Aim of the exercise:
Please repeat only the lines below starting at the line that holds "A row of blank" and ending at the line that holds "Short rounded beige", exactly, with both of those lines included and every picture omitted.

*** Data extract Section Begins ***

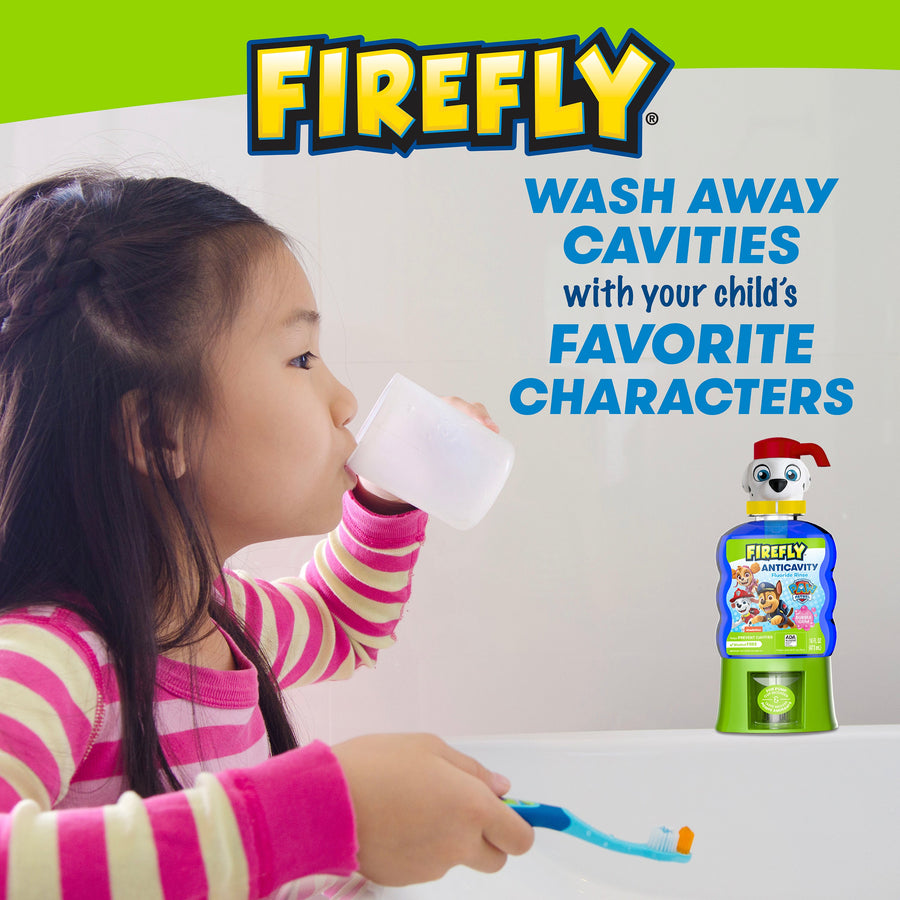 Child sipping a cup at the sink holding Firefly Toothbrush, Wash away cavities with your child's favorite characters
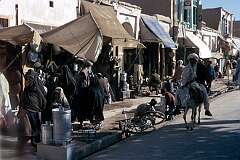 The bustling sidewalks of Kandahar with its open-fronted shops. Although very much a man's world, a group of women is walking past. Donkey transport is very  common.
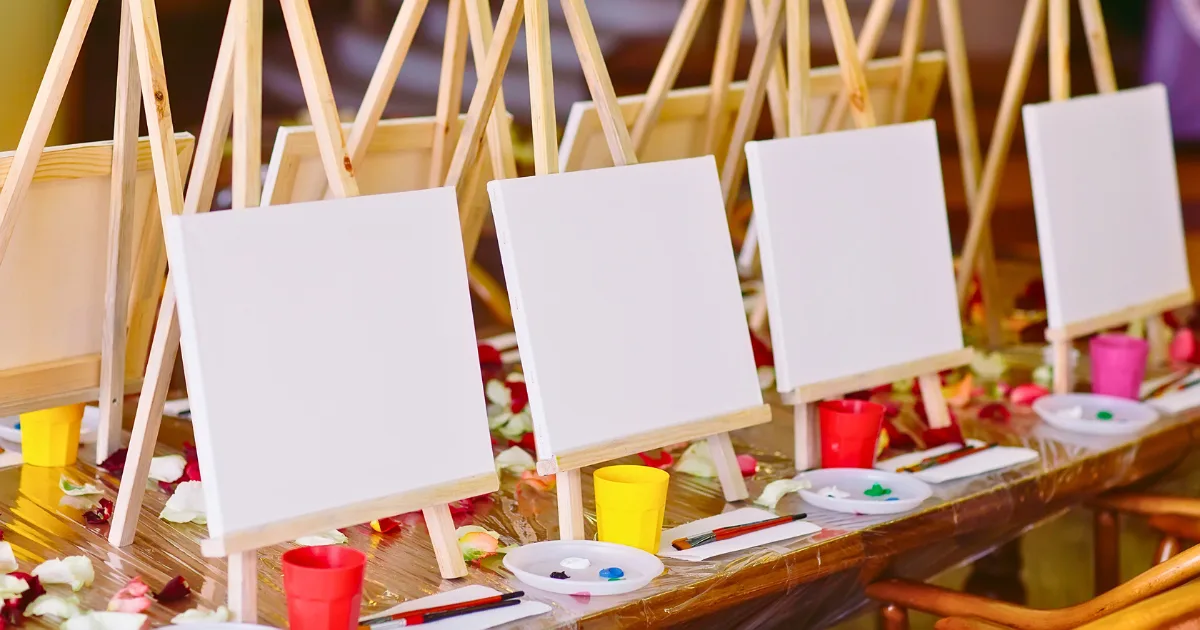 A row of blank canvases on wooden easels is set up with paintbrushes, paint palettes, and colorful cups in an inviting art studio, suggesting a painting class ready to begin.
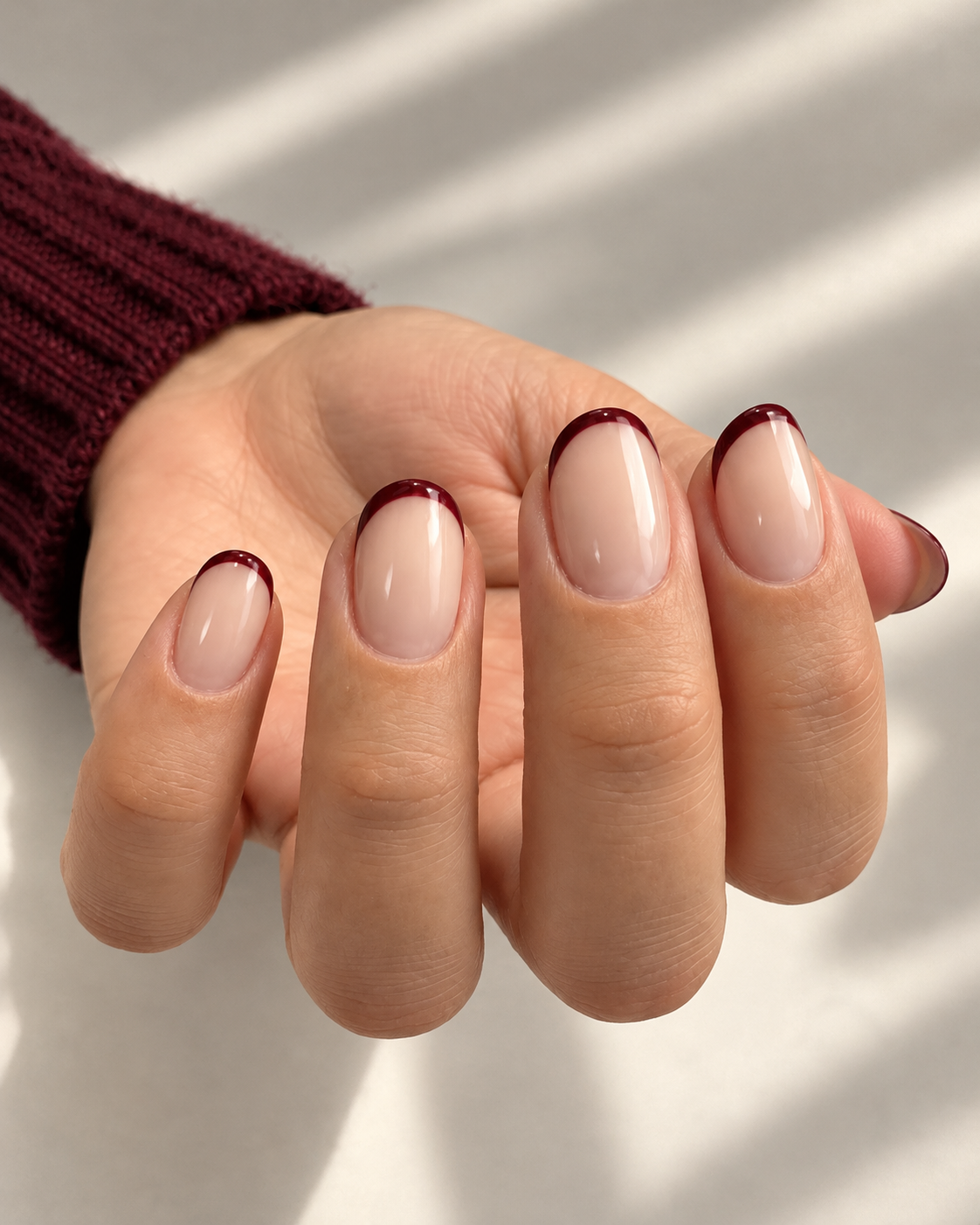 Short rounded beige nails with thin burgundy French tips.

*** Data extract Section Ends ***
*** Data extract Section Begins ***

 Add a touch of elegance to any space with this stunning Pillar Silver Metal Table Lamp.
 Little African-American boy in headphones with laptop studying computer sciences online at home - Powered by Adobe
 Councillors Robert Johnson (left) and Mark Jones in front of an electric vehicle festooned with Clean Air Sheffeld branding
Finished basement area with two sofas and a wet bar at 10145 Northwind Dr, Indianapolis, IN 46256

*** Data extract Section Ends ***

Answer below:
 A row of blank canvases on wooden easels is set up with paintbrushes, paint palettes, and colorful cups in an inviting art studio, suggesting a painting class ready to begin.
 Short rounded beige nails with thin burgundy French tips.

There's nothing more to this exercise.